Repeat precisely the span of lines below that opens with the line containing "Image of happy young couple relax at home" and closes with the line containing "An atmospheric bouquet", both included.

DATA UNDER STUDY:
┄┄┄┄┄┄┄┄┄┄

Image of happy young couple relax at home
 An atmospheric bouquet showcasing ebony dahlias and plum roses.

┄┄┄┄┄┄┄┄┄┄

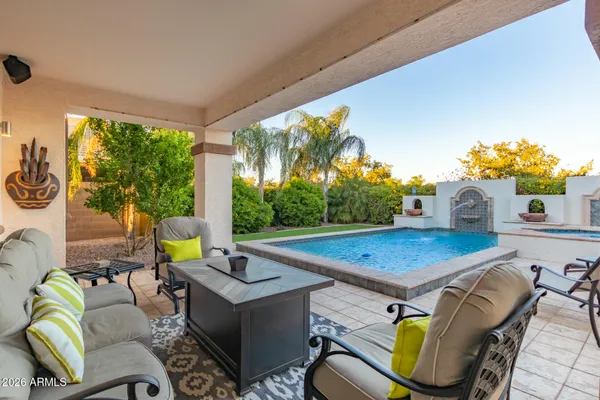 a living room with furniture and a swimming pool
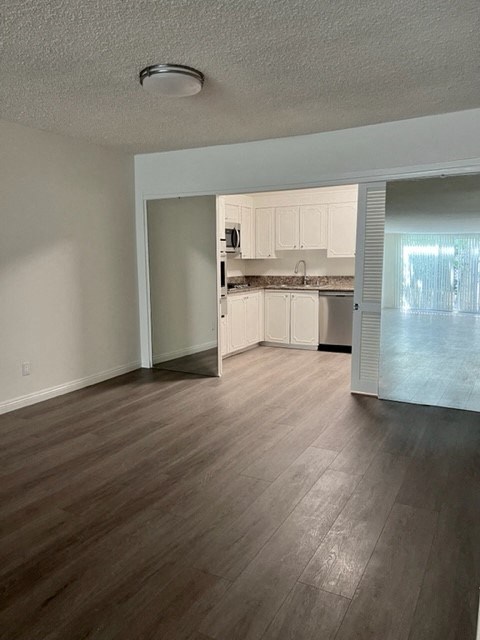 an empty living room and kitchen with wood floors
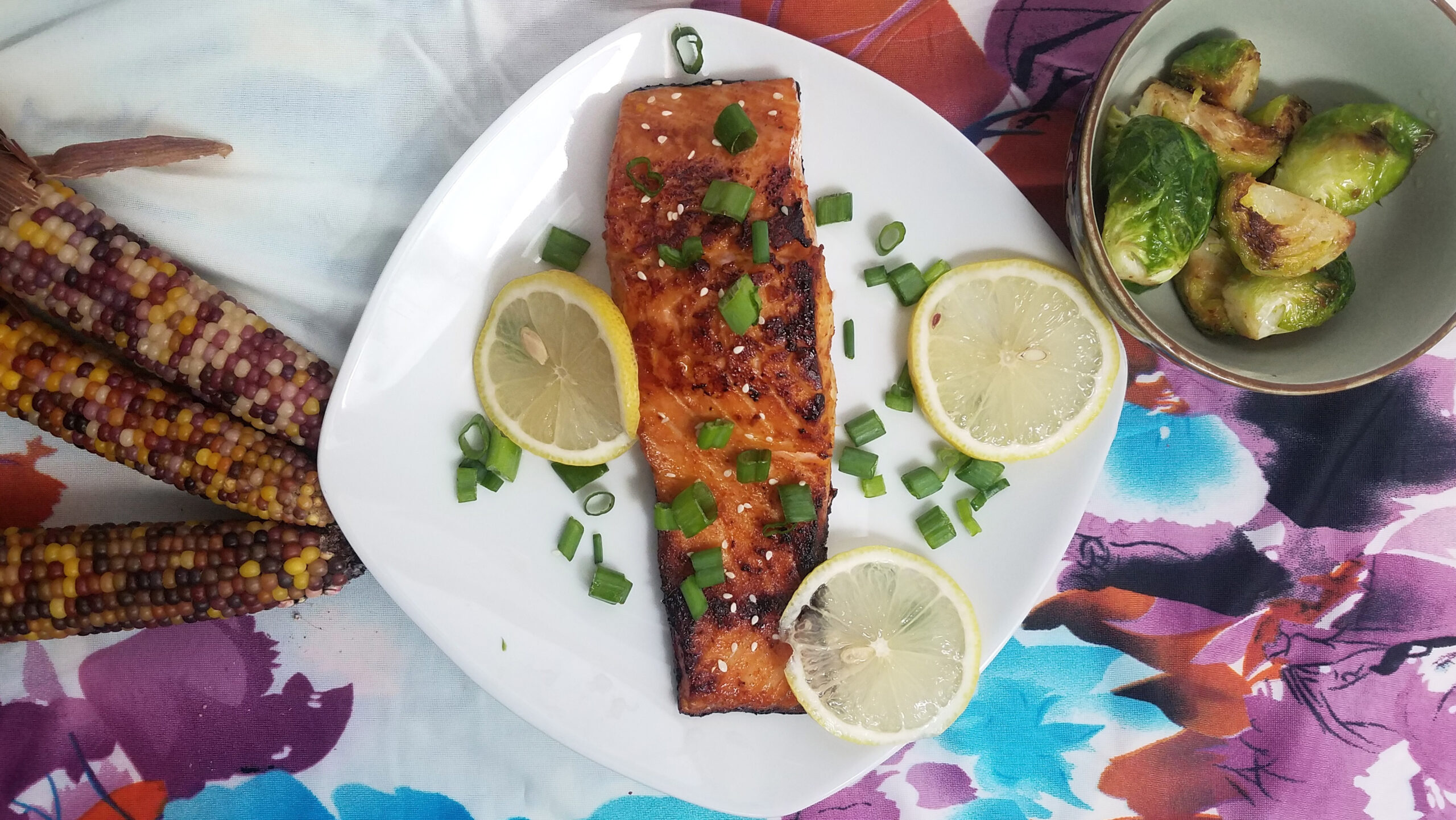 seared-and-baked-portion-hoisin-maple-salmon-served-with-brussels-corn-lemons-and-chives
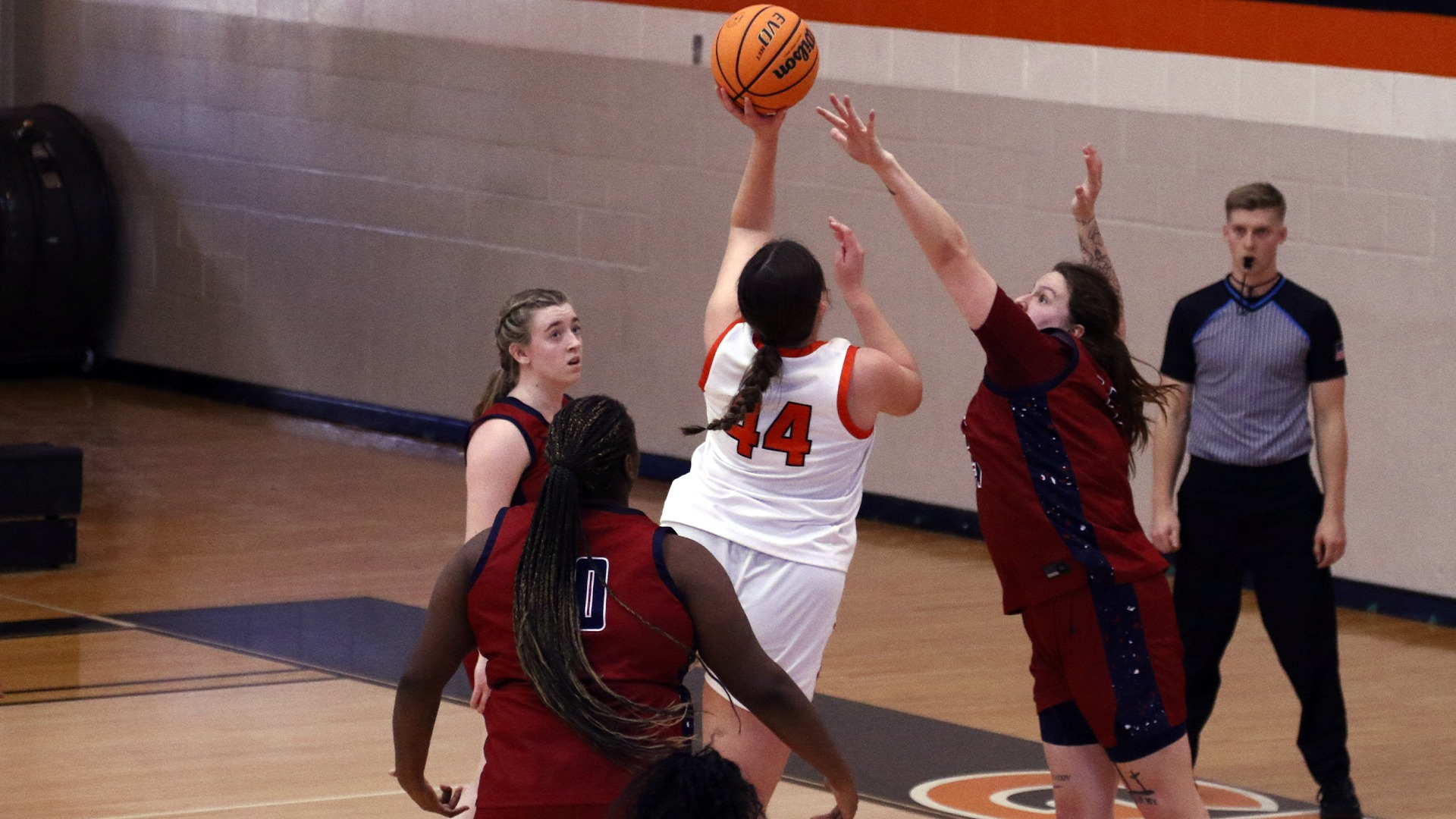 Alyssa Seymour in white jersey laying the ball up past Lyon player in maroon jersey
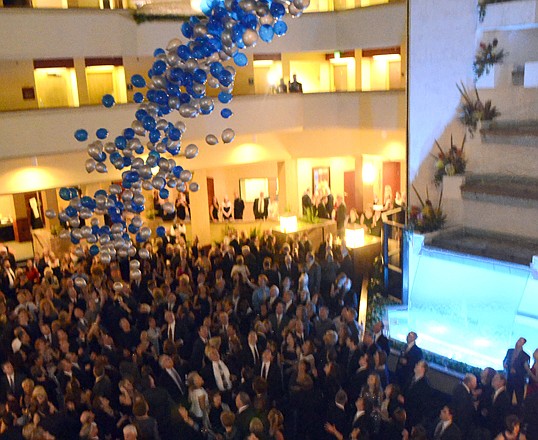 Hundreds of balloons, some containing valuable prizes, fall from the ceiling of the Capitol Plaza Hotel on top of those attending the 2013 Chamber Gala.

┄┄┄┄┄┄┄┄┄┄

WORKED SOLUTION:
Image of happy young couple relax at home
 An atmospheric bouquet showcasing ebony dahlias and plum roses.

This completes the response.